L'EPFIF et le commissaire de gouvernement exposent les conclusions d'une étude concernant les copropriétés contiguës du Chêne pointu et de l'Étoile du Chêne pointu réalisée par la commune de [Localité 14] en 2014 mettant en évidence que :

'près de 60 % des ménages ont un niveau inférieur au seuil de pauvreté,

'85 % des ménages présentent des revenus inférieurs au plafond PLAI,

'un taux de chômage de 29 %, encore plus marqué chez les jeunes

'un quart des familles sont monoparentales

'près de 20 % des logements sont occupés par plus d'un ménage

'l'occupation moyenne est de plus de 4 personnes par logement

'une rotation importance des propriétaires comme chez les locataires.

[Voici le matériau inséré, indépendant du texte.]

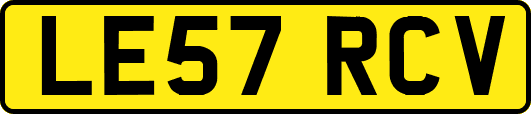 LE57RCV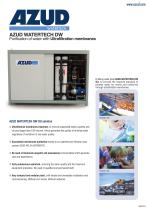 AZUD_WATERTECH_DW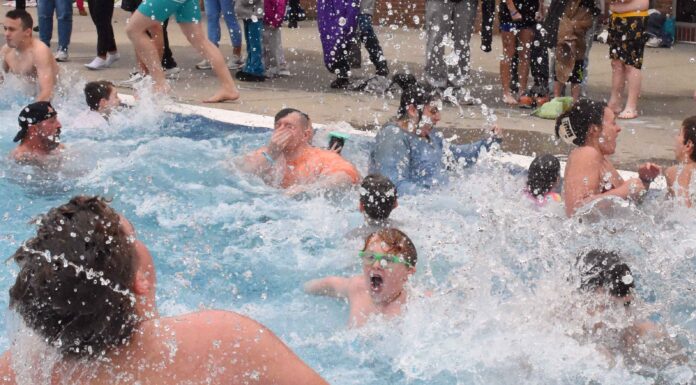 Cold. Bold. Cullman.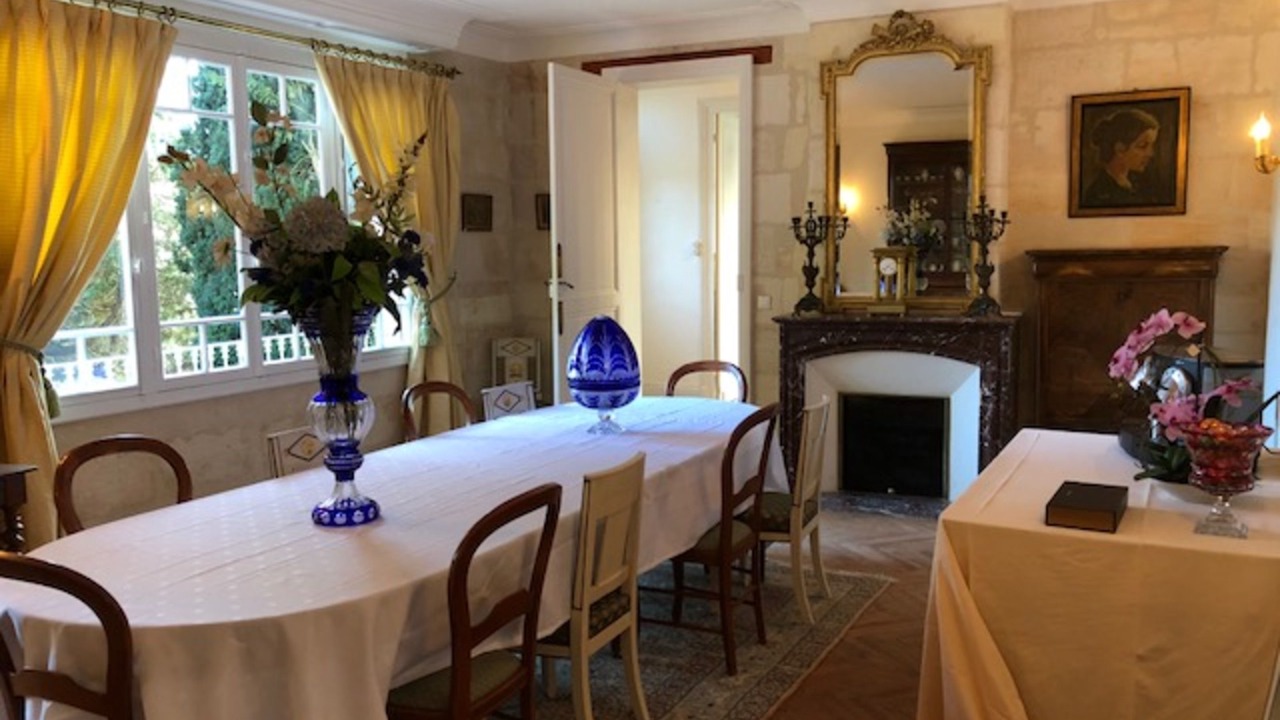 Photo of Others in Saint-Michel-de-Fronsac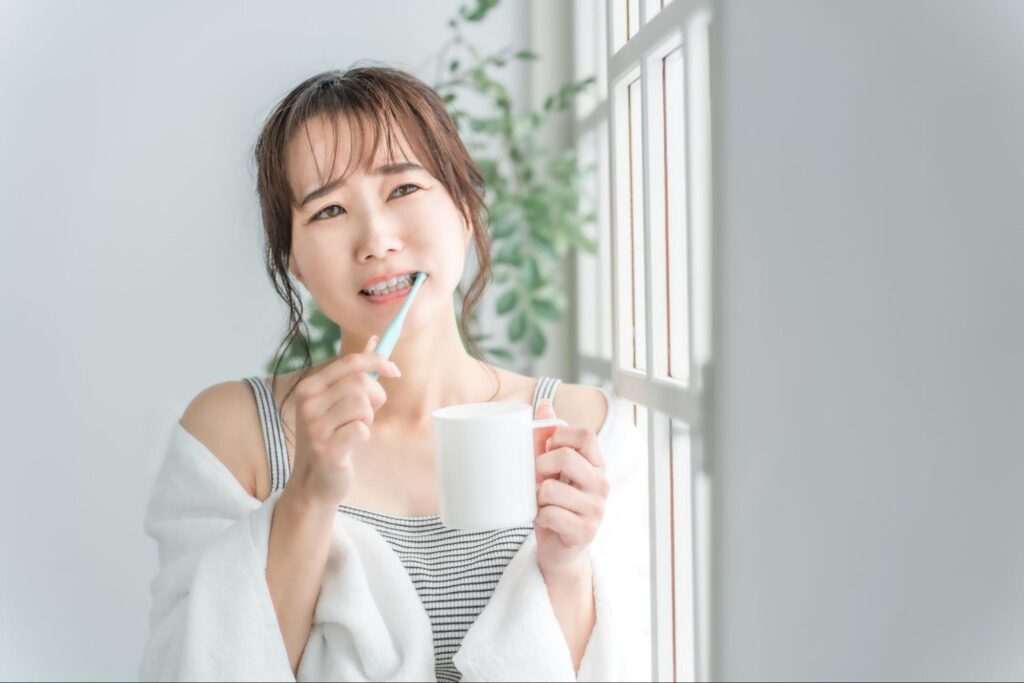 歯が痛くて死にそうな時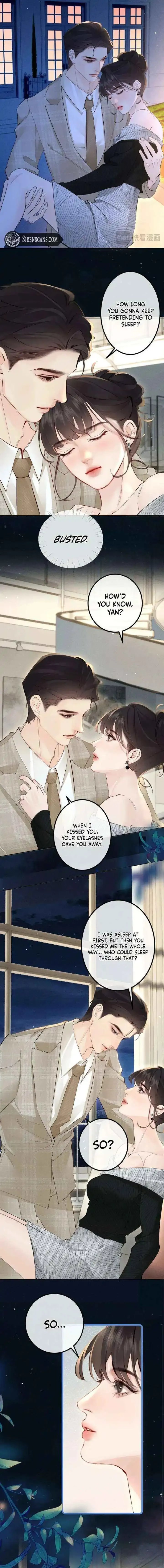 Fatal Indulgence Chapter 36 page 5 -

Le commissaire du gouvernement précise qu'il résulte de cette situation une progression continue des impayés des charges et en conséquence un déficit d'entretien du bâti, produisant une dégradation importante du bâtiment et le développement des situations d'insalubrité et de péril ; ces difficultés ont entraîné la mise sous administration judiciaire de la copropriété ; les pouvoirs publics sont également intervenus dans le cadre d'un plan de sauvegarde signé entre l'État, le département et la commune de [Localité 14] le 19 janvier 2010 qui a fixé différents objectifs afin de parvenir à la requalification de la copropriété :

'résorption des impayés,

'réalisation des travaux urgents et mise aux normes,

'lutte contre les marchands de sommeil,

'individualisation des réseaux de fluides des bâtiments afin de réaliser leur scission,

'réalisation des travaux de rénovation énergétique.

La conclusion du plan de sauvegarde achevé fin 2014 a relaté les limites ou impasses concernant les objectifs, notamment le redressement de la gestion, l'assainissement des finances, ou encore la réhabilitation du bâti.

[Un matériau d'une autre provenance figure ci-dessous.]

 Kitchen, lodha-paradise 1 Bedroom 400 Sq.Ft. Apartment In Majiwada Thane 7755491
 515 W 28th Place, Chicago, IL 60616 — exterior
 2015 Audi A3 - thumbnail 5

En conséquence, l'ampleur des dégradations ont justifié la définition d'un périmètre pour une Opération de Requalification des Copropriétés dégradées d'intérêt National (ORCODIN).

Par décret numéro 2015-99 du 28 janvier 2015 a été déclarée d'intérêt national, l'opération de requalification des copropriétés dégradées du [Adresse 16] et la mise en 'uvre a été confiée à l'EPFIF.

B- sur le bâtiment 10 de la copropriété de l'Etoile du Chêne pointu

Par arrêté préfectoral N°2021-0701 du 19 mars 2021, les lots situés dans le batiment 10 de la copropriété ont été déclarés cessibles au profit de l'EPFIF.

L'ordonnance d'expropriation emportant transfert de propriété a été rendue le 21 octobre 2021.

Un décret N°2021-1005 du 29 juillet 2021 a autorisé l'EPFIF à prendre possession immédiate d'immeubles dégradés situés dans le périmètre défini par le décret N°2015-99 du 28 janvier 2015 déclarant d'intérêt national l'opération de requalification de copropriétés dégradées du quartier [Adresse 16].

Le bâtiment 10 correspond à un immeuble à usage d'habitation, composé de onze niveaux, soit un rez de chaussée et 10 étages, comprenant 167 logements, dont 122 F3 et 45 F4, accessibles par quatre entrées et cages d'escaliers nommées A, B, C et D.

Le bâtiment est également composé de locaux communs, d'un toit-terrasse à usage de séchoir commun et d'un sous sol comprenant des caves, étant précisé que ces élements ne sont plus utilisables en ce qui concerne les deux premiers, l'est difficilement en ce qui concerne le troisième.

C- sur le bien exproprié

Il s'agit :

' Du lot numéro 57 : 1 appartement de type F3, situé au 4e étage de l'escalier B, d'une superficie de 56 m².

Il est composé d'une entrée et d'un couloir qui desservent une cuisine, WC et une salle de bains ainsi qu'une pièce de vie et de deux chambres, l'une d'entre elle étant accessible à partir de la pièce de vie.

' Du lot numéro225: une cave qui n'a pas été visitée en raison d'un accès peu aisé et de la présence de nombreux nuisibles ;

' Du lot N°1329, un emplacement de stationnement extérieur, associé au bâtiment 10, à l'état d'usage et sans aménagement.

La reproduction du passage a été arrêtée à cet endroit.